Starting from now, will implement saliency map based on trained model from above. 

General idea is: extract the gradient of input from backward pass of evaluating an image(which requires forward pass). 

In [None]:
model.eval()


img_transform = transforms.Compose([
    transforms.Resize((224, 224)),
    transforms.ToTensor(),
])

# load single image
sample_building = "../input/intel-image-classification/seg_test/seg_test/buildings/20064.jpg"
sample_forest = "../input/intel-image-classification/seg_test/seg_test/forest/20062.jpg"
sample_glacier = "../input/intel-image-classification/seg_test/seg_test/glacier/20111.jpg"
sample_mountain = "../input/intel-image-classification/seg_test/seg_test/mountain/20120.jpg"
sample_sea = "../input/intel-image-classification/seg_test/seg_test/sea/20106.jpg"
sample_street = "../input/intel-image-classification/seg_test/seg_test/street/20070.jpg"

samples = [sample_building, sample_forest, sample_glacier, sample_mountain, sample_sea, sample_street]
target_sample = [0, 1, 2, 3, 4, 5]
from torchvision.io import read_image
for i in range(len(samples)):
    target_cpu = torch.Tensor([target_sample[i]]).type(torch.LongTensor)
    target = target_cpu.to(device_use)
    sample = samples[i]
    img = Image.open(sample).convert("RGB")

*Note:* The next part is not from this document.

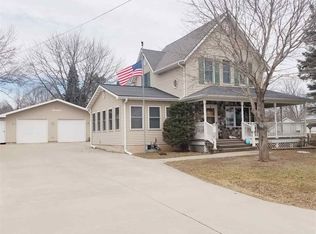 W7588 Poplar Rd, Shawano, WI 54166
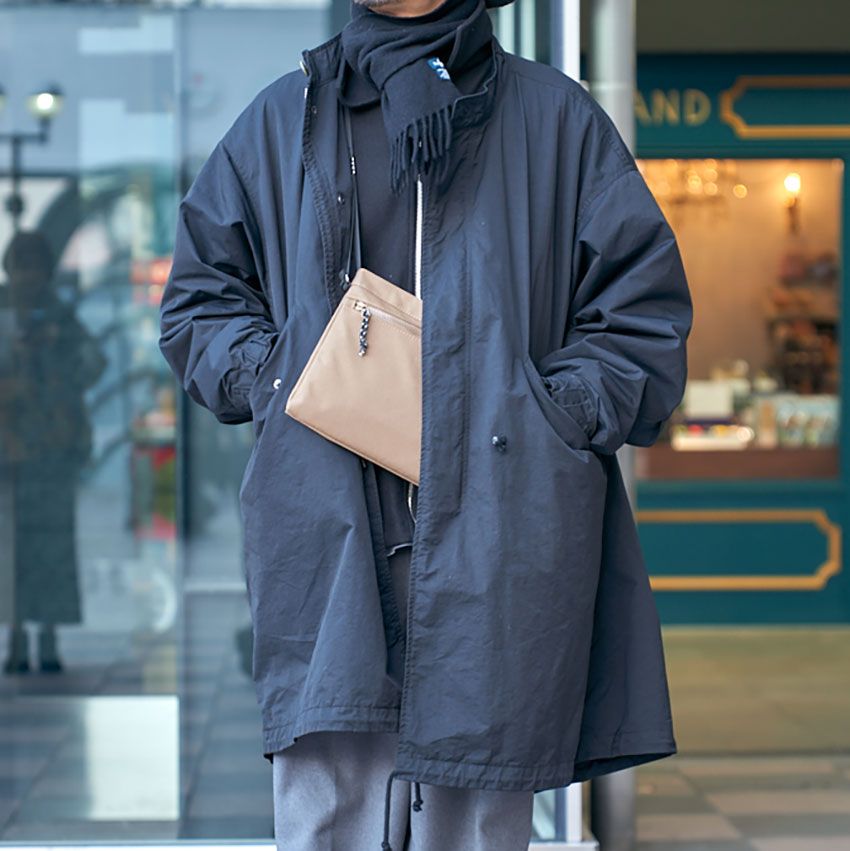 武骨さと都会っぽさを一挙両得できる「黒モッズコート」。着こなしの成功例を街角スナップで - 6枚目の画像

    img_show = img_transform(img)
    
    img_t = attention_transform(img)
    img_input_cpu = Variable(img_t, requires_grad=True).unsqueeze(dim=0)
    img_input = img_input_cpu.to(device_use)
    model_out = model(img_input)
    img_input.retain_grad()
    print(model_out)
    loss = model_out[0][i]
    loss.backward()
    images_grads = img_input.grad.data
    abs_images_grads = images_grads.abs()
    saliency, _ = abs_images_grads.max(dim=1)
    
    saliency = saliency.cpu().numpy()
    N = img_input.shape[0]
    for i in range(N):
        plt.subplot(2, N, i + 1)
        plt.imshow(img_show[i])
        plt.axis('off')
        plt.subplot(2, N, N + i + 1)
        plt.imshow(saliency[i], cmap=plt.cm.hot)
        plt.axis('off')
        plt.gcf().set_size_inches(12, 5)
    plt.show()